Annual Antique Tractor Drive

This year on Saturday, September 22, the 5th Annual Antique Tractor Drive meandered through a lot of Patoka Township and my old stomping grounds.  For those of you not familiar with the group, each year they take their old tractors and do a drive through some historic parts of Pike County.  This year about thirty six drivers participated and three wagon loads of  onlookers rode along after meeting up at The Trading Post about 10 am.  I had to work and was unable to ride so Sherry Lamey shared the information and Terenda Wyant shared her photos with me for this post.

For this blog, I’m not going to use the road numbers now assigned but the names we always called them (and still do most times!).

Meeting up at the Trading Post.

The group started out down Hathaway Station Road to wind up at Ashby Cemetery as their first stop.  Ashby Cemetery sitting out in the middle of nowhere surrounded by land that is now coal mined was once a thriving little community.

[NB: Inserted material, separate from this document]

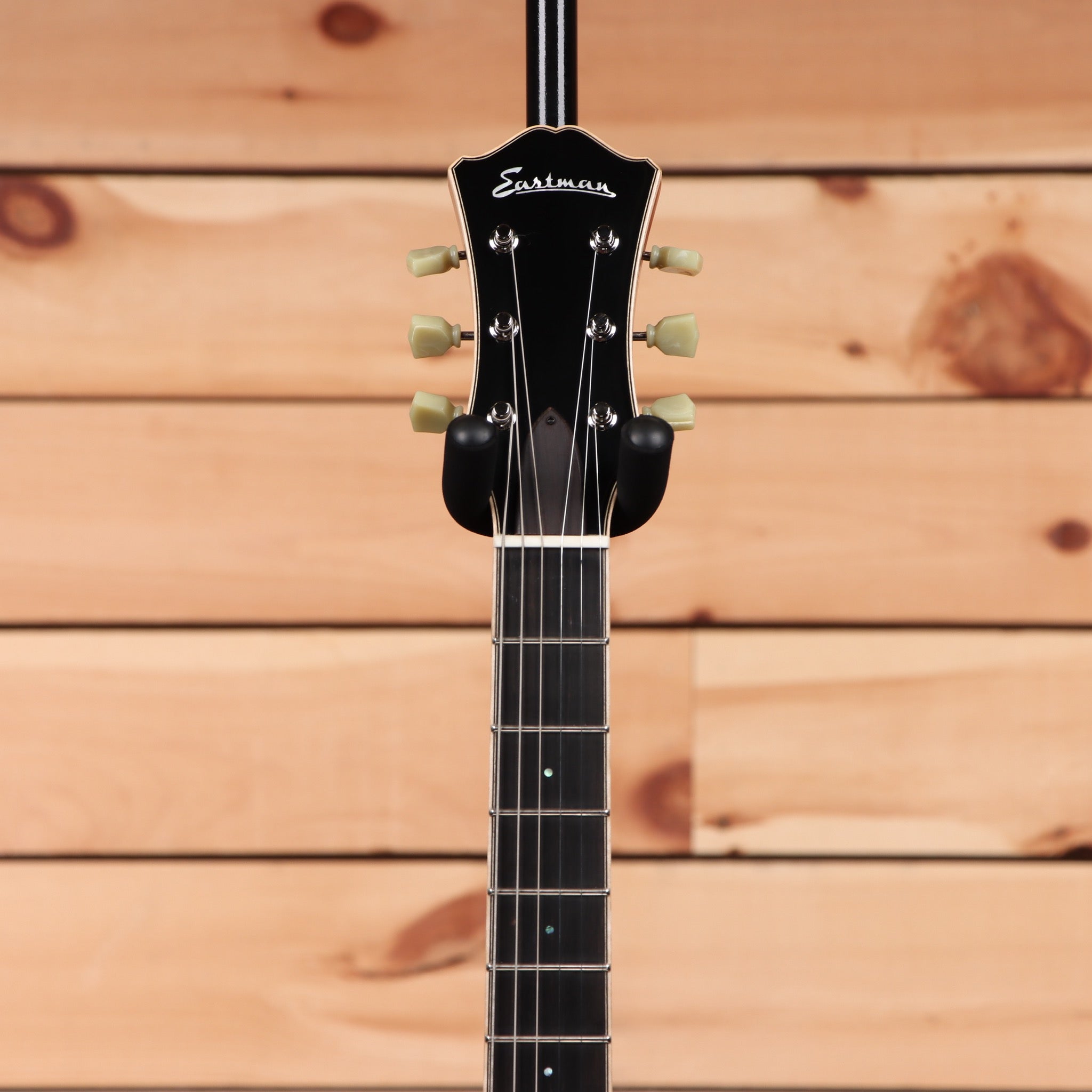 Eastman T186mx semi-hollow electric guitar Goldburst with cream tuning pegs and black headstock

Ashby was named after the family members of Benjamin and Margaret (Burdett) Ashby from Hampshire County, Virginia who settled there soon after they were married in 1813 after temporarily residing at White Oak Springs.  Their graves are located in Ashby Cemetery.  Benjamin died in 1881, Margaret in 1860.   Thomas English, a native of Vermont, taught in the pay schools  of Pike County.  His first school of this kind was in the Ashby neighborhood in the year of 1844.  Benjamin’s sons and grandsons became large landowners in the area and successful businessmen.  If I remember correctly the little Ashby Church was burned during an act of vandalism several years ago.  

Tractor drive

They then drove over to Scottsburg Road to wind up at New Liberty Church and Cemetery near Coe.

 Coe used to be called Arcadia and was laid off in 1869 by Simeon LeMasters.  I don’t know much about the history of this church and cemetery.  If anyone does, tell me about it in the comment section below.

Old Barns on the drive

Next they went across the road through the old South Fork areas and wound up on the Line Road.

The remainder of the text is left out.